In this study, we aimed to evaluate the utility of qHTS at the pilot stage of assay testing for large HTS campaigns. Pilot testing of an HTS assay is a necessary step in which the protocol and assay system is applied to small selected library sets to determine the robustness and hit rate of the assay protocol. 14 Traditionally, pilot testing is performed on the automated screening system with a small set of compounds (~10,000) in at least duplicate runs at one concentration to confirm screening logistics, screening feasibility, data quality, and hit rates. The identified hits are then validated in a titration-based format to confirm hits by dose-response analysis. At this point, the confirmation rate (CR), FP rate (FPR), and sometimes FN rate (FNR) are estimated. Oftentimes this becomes an iterative process. For example, if the hit rate is too high, the pilot tests may have to be repeated at lower concentrations. Given that qHTS provides both single-concentration and concentration-response data sets in one experiment, it seems that application of this method to assay pilot testing would greatly facilitate this necessary step in assay optimization and HTS adaptation.
For the purpose of assay pilot testing, we selected an asymmetric titration scheme covering a concentration range of >600-fold using eight titration points in 1536-well source plates. In these qHTS plate sets, the top four concentrations are similar to the typical concentrations used in our HTS process, and the bottom four concentrations are used to facilitate robust curve fitting. To date, we have employed three specialized small libraries for qHTS: the first is a “mechanism of action” library, in which the biological target/pathway has been annotated; the second is a so-called “random set”, which is constructed to represent the diversity within our larger compound-screening deck; and the third is a so-called “Challenge” library containing compounds known to interfere with a variety of detection technologies.
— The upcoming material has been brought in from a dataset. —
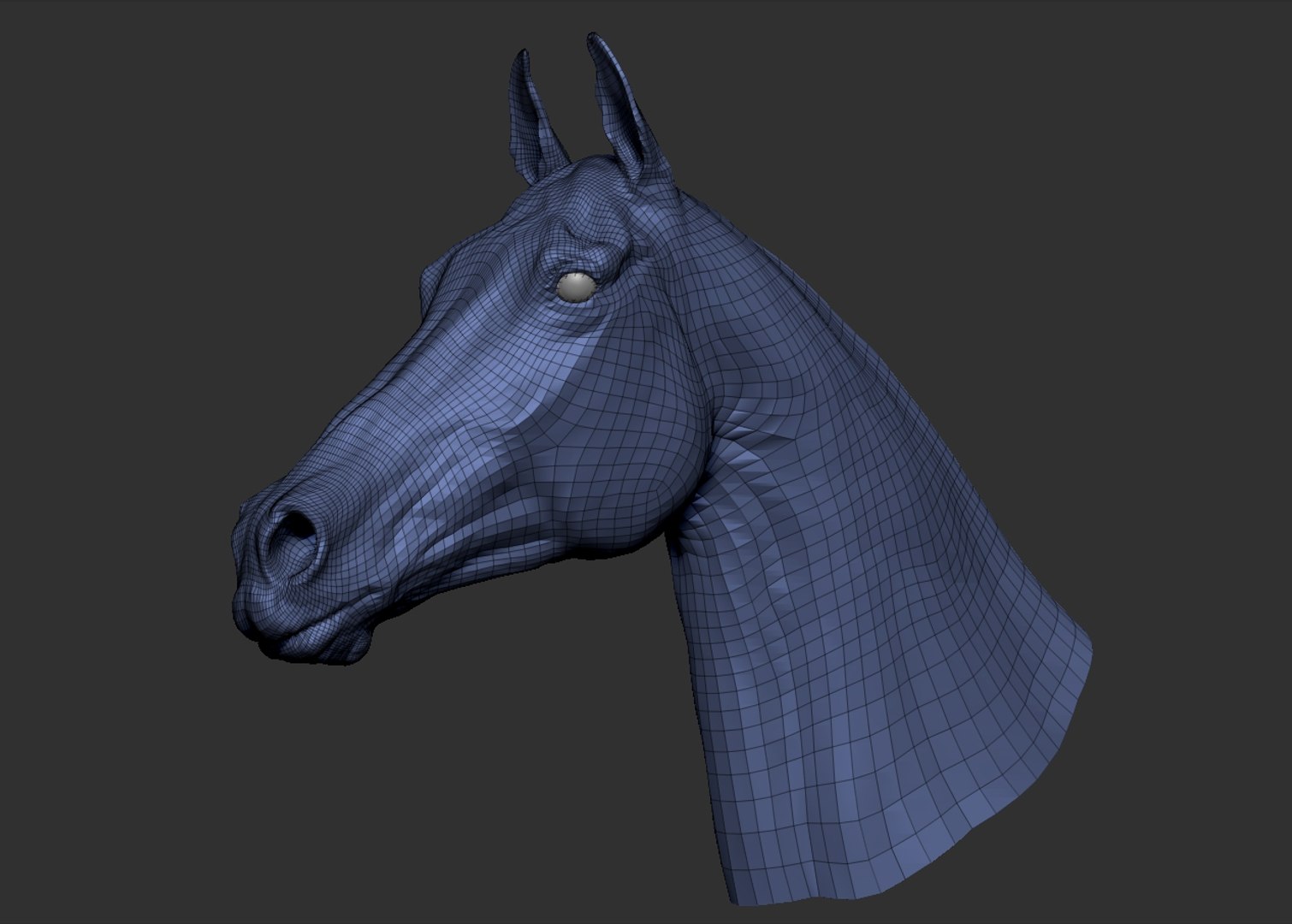 3D horse head realistic https://p.turbosquid.com/ts-thumb/Wt/yTT3XJ/FjGMhFMs/1/jpg/1550507912/1920x1080/fit_q87/0e9ac5138591a732ae230fd520c8668ac52aa9c0/1.jpg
We describe here the process for producing the interplate titration, analyzing the data with screening/curve-fitting data analysis software, and the treatment of experimental data sets to determine FPs, FNs, CRs, and hit rates as a function of screening concentration. A specific example is given for each of the three types of pilot libraries in which this approach enabled rapid collection of assay performance statistics and assessment of pharmacologic profiles.
Methods
Focus Libraries
The Challenge library contains 1408 compounds so as to fit within one 1536-well plate (at one concentration) and is based on frequent hitters in both biochemical and firefly luciferase (FLuc)-based reporter gene assays (RGAs). The mechanism of action (MoA) library contains 2641 compounds and represents drugs or compounds with well-validated molecular mechanisms. The random set was designed to represent our larger compound collection and is primarily used to estimate the hit rate. See the
Assays
Biochemical assays that were tested here included a purified enzyme assay using FLuc and a protease assay that monitored cleavage of a profluorescent substrate.15,16 Cell-based assays included two different RGAs employing FLuc as the reporter. Compounds were added from the 1536-well source plates to the assay plates using a 20 or 50 nL slotted pin tool (V&P Scientific, San Diego, CA). 17 All assays were optimized in 1536-well plates to show acceptable performance as measured by Z′ factors >0.5. 18 For all qHTS experiments, the plates were prepared starting with the lowest concentration plate and progressed to the highest concentration plate to limit carryover effects of the pin tool.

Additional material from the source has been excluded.